Pages

Wednesday, 1 October 2014

Flat Holm Erratic Hunt (6): let's imagine......


 Let's imagine the landscape around Flat Holm as it was about 20,000 years ago....

One of the benefits of modern technology is that we can reconstruct or recreate environmental conditions as they may have existed in the past.  There is a certain amount of intuition or imagination involved, but even without the wonders of computer generated graphics, in the geomorphology field we can search with Google Earth for analogies where the predicted set of circumstances may still apply, and do a little doctoring on the images that we can copy and save.

So here is my attempt to recreate the conditions that might have applied  at the mouth of the Severn Estuary (or Severn Plain, as it would have been then) around 20,000 years ago, at the peak of the Devensian Glaciation.

The ice edge in this photo is very spectacular, since it actually shows the edge of the Vatnajokull Ice Cap in Iceland, where the extraordinary surface patterns are the result of many ash layers collecting on the ice surface during the life of the ice cap  and then becoming exposed in the ablation zone, near the snout, thousands of years after they were created.  So ignore those, and just note the position of the ice edge.  Around 20,000 years ago, Penarth and Cardiff might well have been submerged beneath the ice that was streaming out of the valleys of the South Wales Coalfield and coalescing as a piedmont glacier in the coastal stretch between Cardiff and Newport.  We'll call it the Taff Piedmont Glacier.  Remember that sea level will have been c. 120m lower than it is today, so the whole of the Severn Estuary - Bristol Channel area would have been dry land.  Well, not all that dry........

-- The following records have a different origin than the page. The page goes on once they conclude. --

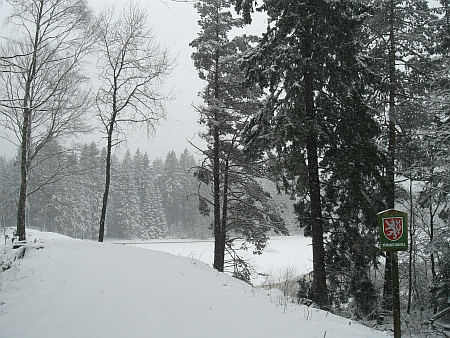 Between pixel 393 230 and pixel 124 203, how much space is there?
171 feet

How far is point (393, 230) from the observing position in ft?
16.5

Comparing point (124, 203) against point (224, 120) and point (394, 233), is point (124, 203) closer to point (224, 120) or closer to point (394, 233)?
point (224, 120)

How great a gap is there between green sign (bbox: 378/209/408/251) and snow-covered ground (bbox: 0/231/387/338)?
4.83ft

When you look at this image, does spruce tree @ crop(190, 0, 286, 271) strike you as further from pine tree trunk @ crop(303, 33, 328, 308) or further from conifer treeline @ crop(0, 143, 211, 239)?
conifer treeline @ crop(0, 143, 211, 239)

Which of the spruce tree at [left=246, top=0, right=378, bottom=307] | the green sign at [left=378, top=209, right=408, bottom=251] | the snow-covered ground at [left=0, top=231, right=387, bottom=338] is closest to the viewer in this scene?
the snow-covered ground at [left=0, top=231, right=387, bottom=338]

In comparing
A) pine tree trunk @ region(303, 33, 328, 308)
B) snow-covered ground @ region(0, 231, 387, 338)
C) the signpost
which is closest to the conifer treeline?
pine tree trunk @ region(303, 33, 328, 308)

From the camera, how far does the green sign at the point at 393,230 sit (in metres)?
4.95

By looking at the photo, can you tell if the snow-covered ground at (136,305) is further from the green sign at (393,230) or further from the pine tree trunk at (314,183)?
the pine tree trunk at (314,183)

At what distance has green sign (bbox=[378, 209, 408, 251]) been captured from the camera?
4945mm

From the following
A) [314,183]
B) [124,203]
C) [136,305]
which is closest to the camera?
[136,305]

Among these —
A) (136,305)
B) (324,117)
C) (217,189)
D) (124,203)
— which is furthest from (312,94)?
(124,203)

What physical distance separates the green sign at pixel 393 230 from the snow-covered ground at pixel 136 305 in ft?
4.83

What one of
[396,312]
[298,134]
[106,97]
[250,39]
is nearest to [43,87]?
[106,97]

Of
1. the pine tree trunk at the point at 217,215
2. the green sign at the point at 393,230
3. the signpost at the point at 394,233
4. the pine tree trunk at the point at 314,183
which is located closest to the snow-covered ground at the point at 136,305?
the signpost at the point at 394,233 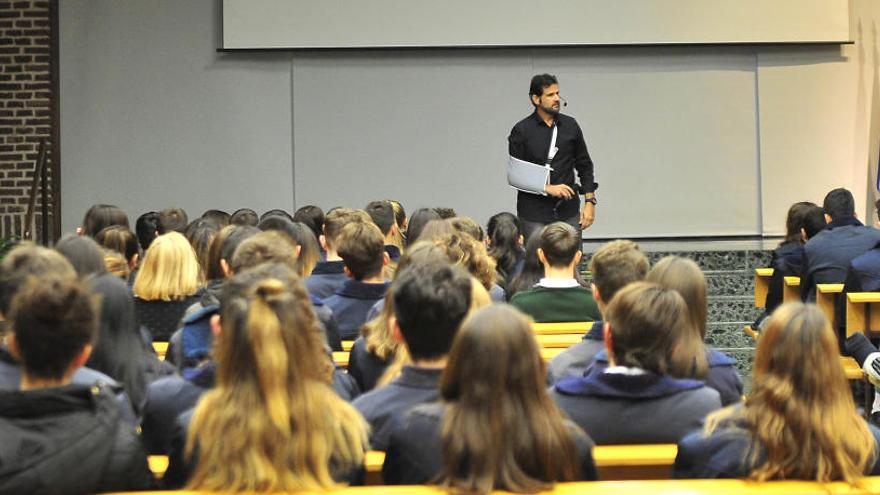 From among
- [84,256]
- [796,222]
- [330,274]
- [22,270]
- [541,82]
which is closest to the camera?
[22,270]

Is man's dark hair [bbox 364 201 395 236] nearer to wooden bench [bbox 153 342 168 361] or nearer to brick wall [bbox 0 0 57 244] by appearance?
wooden bench [bbox 153 342 168 361]

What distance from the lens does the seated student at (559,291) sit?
5.73 meters

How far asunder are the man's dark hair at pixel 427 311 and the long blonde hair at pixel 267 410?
0.44 meters

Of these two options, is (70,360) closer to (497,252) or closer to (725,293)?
(497,252)

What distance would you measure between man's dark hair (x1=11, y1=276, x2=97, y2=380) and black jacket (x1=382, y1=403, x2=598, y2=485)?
708mm

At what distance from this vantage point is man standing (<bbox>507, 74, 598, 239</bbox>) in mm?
8703

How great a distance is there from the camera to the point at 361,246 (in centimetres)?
532

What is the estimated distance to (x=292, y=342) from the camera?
2.76 meters

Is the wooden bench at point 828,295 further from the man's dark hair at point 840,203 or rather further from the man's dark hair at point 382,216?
the man's dark hair at point 382,216

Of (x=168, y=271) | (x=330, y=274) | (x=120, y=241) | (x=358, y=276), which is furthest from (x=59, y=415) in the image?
(x=120, y=241)

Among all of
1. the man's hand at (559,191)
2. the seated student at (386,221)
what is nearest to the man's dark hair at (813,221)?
the man's hand at (559,191)

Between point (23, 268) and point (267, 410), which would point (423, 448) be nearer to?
point (267, 410)

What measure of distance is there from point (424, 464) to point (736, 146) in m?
9.65

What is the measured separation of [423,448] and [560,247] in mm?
2898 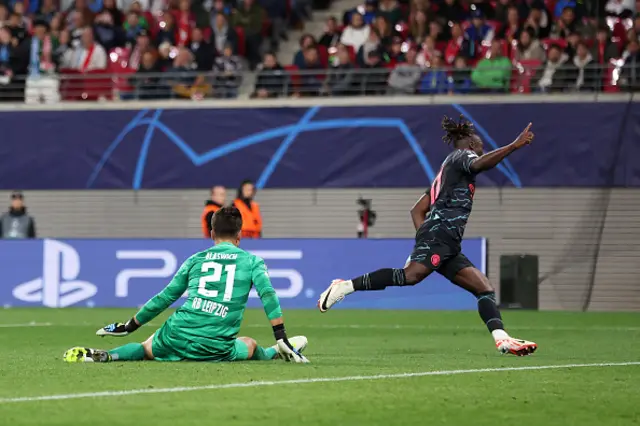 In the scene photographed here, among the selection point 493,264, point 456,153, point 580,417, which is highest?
point 456,153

Most of the area now submerged beneath the sea will have been an undulating tundra plain, with abundant small temporary lakes and many braided meltwater streams flowing away from the ice edge and towards wherever the low parts of the landscape might have been located.  If you click to enlarge the image you can see some of the characteristics of such a tundra plain.  It would have been a treeless plain, with widespread grassy and boggy areas and also areas of dryer heath.  Accumulating sediments in the valleys were carried by meltwater streams, and there must have been extensive permafrost.  Almost certainly, the plain would have been inhabited by the tundra animals of the time --  mammoth, cave lion, woolly rhino, musk ox, giant elk, hyena, aurochs, cave bear and many others.  There were human beings too, hunting on the plains and occupying caves on Gower, South Pembrokeshire and maybe Flat Holm too.

As the sediments of the meltwater streams accumulated, the higher parts of the land would have appeared as "bedrock islands" above the tundra plain.  This is suggested on the doctored image above.

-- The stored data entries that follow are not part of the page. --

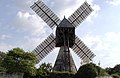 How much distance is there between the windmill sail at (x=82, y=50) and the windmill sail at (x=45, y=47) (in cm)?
495

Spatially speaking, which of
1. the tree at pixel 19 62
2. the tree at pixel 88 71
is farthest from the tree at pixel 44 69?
the tree at pixel 88 71

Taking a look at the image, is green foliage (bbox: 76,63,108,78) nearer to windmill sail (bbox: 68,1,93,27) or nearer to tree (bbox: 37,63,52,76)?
tree (bbox: 37,63,52,76)

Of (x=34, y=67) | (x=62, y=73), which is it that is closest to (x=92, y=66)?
(x=62, y=73)

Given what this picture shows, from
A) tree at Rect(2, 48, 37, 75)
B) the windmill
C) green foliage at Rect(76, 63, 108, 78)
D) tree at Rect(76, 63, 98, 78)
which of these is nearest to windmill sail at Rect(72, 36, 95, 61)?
the windmill

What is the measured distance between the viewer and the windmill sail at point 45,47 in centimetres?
5805

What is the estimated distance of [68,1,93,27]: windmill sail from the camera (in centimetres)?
5912

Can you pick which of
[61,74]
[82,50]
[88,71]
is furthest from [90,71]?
[82,50]

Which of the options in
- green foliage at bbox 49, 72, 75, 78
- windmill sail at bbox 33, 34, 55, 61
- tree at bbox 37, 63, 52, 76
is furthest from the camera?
windmill sail at bbox 33, 34, 55, 61

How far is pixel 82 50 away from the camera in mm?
59156

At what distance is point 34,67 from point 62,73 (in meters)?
5.40

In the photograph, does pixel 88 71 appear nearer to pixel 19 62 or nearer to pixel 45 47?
pixel 19 62

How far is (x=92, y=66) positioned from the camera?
45250 mm

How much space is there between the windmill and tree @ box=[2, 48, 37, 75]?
838cm

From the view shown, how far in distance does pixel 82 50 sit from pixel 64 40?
604cm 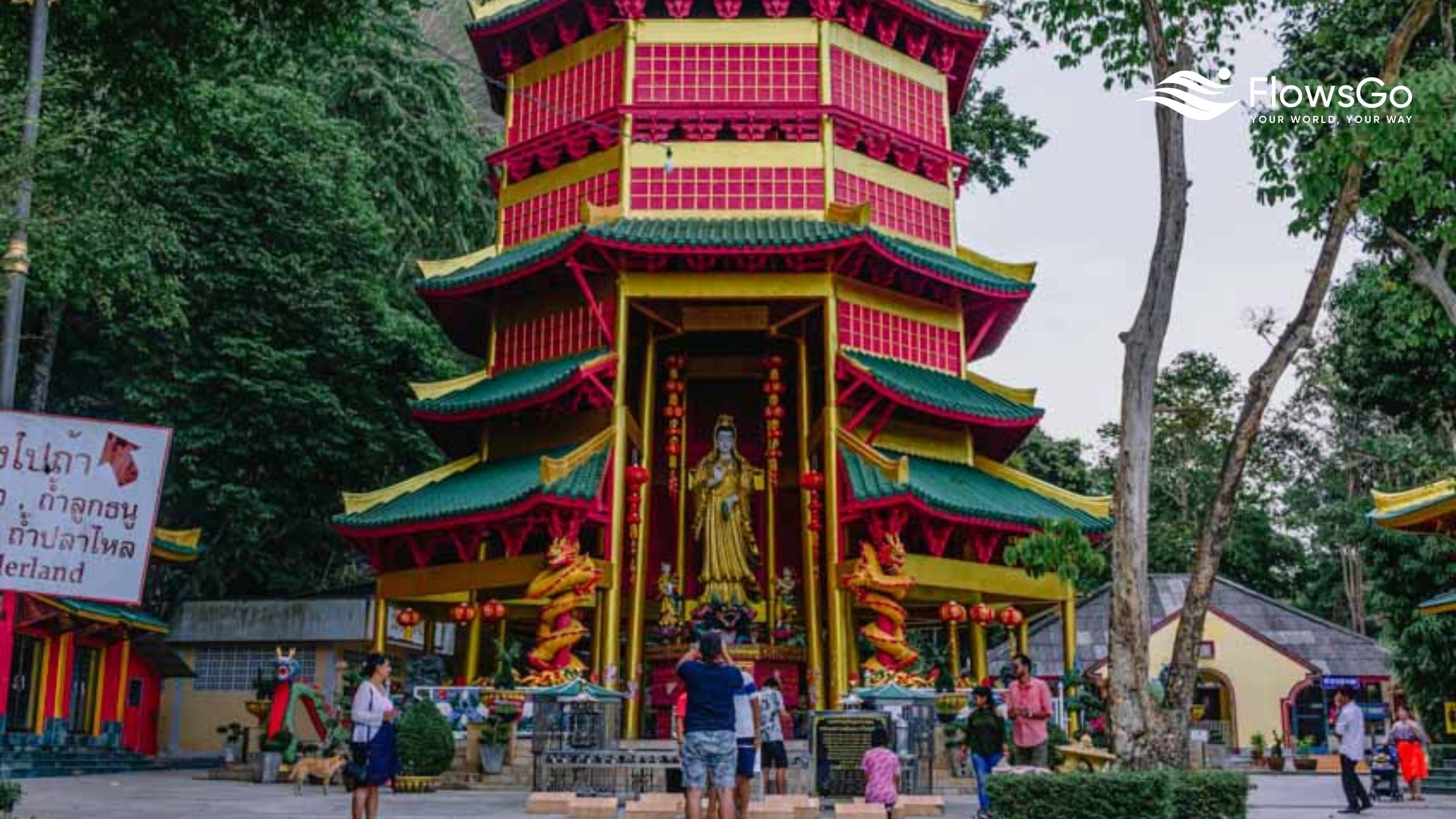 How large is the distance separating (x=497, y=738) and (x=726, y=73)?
44.1ft

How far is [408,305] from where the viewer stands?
36.7 m

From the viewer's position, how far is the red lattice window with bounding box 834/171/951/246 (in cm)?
2584

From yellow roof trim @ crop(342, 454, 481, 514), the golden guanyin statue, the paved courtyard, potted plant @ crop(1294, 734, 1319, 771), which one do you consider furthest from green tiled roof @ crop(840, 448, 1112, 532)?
potted plant @ crop(1294, 734, 1319, 771)

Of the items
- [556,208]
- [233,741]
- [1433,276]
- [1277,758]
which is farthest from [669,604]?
[1277,758]

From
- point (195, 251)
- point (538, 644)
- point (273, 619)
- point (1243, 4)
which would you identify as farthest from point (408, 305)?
point (1243, 4)

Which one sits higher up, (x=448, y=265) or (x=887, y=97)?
(x=887, y=97)

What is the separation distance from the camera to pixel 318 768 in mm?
19109

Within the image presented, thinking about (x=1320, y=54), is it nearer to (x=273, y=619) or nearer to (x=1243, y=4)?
(x=1243, y=4)

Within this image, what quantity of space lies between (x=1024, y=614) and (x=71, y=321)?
2262 cm

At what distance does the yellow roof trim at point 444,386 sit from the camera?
26.3 metres

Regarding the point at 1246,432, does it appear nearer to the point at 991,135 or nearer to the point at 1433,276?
the point at 1433,276

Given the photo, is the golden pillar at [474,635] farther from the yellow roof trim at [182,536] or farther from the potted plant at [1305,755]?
the potted plant at [1305,755]

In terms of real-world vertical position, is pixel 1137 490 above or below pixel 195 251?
below

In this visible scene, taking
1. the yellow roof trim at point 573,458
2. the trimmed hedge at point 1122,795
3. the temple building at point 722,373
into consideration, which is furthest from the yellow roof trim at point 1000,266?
the trimmed hedge at point 1122,795
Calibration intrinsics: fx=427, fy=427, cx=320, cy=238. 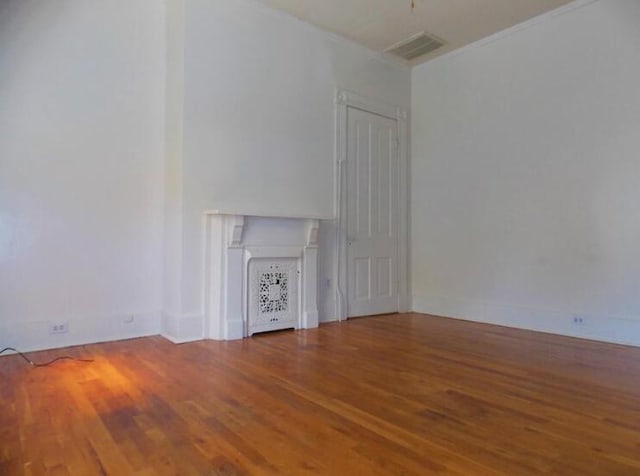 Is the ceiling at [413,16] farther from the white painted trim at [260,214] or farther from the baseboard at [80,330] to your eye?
the baseboard at [80,330]

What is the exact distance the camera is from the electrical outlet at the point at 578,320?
3990 millimetres

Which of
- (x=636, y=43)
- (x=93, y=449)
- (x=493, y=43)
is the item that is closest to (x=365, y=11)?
(x=493, y=43)

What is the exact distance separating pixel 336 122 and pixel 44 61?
2767 mm

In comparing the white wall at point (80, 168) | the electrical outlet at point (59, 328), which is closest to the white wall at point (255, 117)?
the white wall at point (80, 168)

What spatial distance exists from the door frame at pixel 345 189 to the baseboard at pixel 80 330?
196 centimetres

Later on, following the melting and disappearance of the ice, the River Severn must have been a powerful influence in landscape development, carrying huge volumes of meltwater from the melting ice within its natural catchment area in the Welsh Borders.  Some of the meltwater will have come from the melting glaciers of the Usk and Wye valleys, and some from the melting ice of the Irish Sea Glacier, which had a maximum Devensian position south of Shrewsbury, near Bridgnorth.  The precise course of the river at this time is not known.  It might have passed between Lavernock Point and Flat Holm; or between Flat Holm and Steep Holm; or between the latter island and Brean Down on the English side of the channel.  The river could well have carried erratic stones and boulders from the Severn catchment in blocks of floating glacier ice or in seasonal river ice.

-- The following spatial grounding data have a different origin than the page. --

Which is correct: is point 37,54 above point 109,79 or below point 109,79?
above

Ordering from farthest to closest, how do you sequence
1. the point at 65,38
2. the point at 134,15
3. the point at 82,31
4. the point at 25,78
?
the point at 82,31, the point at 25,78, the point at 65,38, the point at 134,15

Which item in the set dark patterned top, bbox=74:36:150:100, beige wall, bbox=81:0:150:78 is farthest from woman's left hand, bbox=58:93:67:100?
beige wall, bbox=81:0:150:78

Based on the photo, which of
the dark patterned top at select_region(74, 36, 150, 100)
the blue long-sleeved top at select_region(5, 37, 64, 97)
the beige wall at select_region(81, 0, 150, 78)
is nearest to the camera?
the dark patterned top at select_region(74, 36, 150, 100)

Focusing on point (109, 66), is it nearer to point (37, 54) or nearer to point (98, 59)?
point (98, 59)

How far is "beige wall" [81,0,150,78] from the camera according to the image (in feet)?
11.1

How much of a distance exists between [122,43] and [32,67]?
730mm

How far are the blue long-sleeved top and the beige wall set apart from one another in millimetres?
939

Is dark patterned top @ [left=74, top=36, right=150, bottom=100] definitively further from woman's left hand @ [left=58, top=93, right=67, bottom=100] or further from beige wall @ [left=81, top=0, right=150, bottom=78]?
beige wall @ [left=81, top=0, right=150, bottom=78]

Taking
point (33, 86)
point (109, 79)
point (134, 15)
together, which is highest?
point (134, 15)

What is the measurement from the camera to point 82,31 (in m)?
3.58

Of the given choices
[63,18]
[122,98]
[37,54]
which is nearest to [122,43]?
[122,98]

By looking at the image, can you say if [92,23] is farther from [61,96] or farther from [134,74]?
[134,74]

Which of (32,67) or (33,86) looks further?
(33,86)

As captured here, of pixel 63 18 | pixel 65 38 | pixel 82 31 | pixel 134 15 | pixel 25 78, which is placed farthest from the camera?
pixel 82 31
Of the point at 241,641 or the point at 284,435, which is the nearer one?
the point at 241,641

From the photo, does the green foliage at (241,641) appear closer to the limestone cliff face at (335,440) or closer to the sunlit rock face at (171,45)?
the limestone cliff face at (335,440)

The sea then started to flood back into the Bristol Channel and into the estuary, and by 7,000 years BP it was within about 4m of its present position.  That means that high tides would have been flooding in past Flat Holm and Steep Holm into the mouth of the Severn, as it is called today. That would have initiated a final phase of sediment sorting around the islands,  with pebbles and boulders from many different sources mixed up during upstream and downstream flows and during stormy phases. Many of the smaller stones and pebbles might have been driven by wave action closer and closer to the present-day beaches of the islands as sea-level rose through the final 4m -- but we must not forget that large amounts of sediment will still be more or less in situ, having been brought into the area during the Anglian Glacial episode and possibly the Wolstonian glaciation as well.


3 comments:

  1. Myris of Alexandria1 October 2014 at 16:00

    This thread is amongst the best you have done.
    M

    ReplyDelete
  2. Thanks Myris -- glad somebody is reading it! It's always interesting to look at a bit of new (for me!) territory and to try and work out what has been going on.

    ReplyDelete
  3. I agree with Myris. Personally not ably to inform this discussion but very glad to be informed and hope some experts in the field can decide to join in constructively.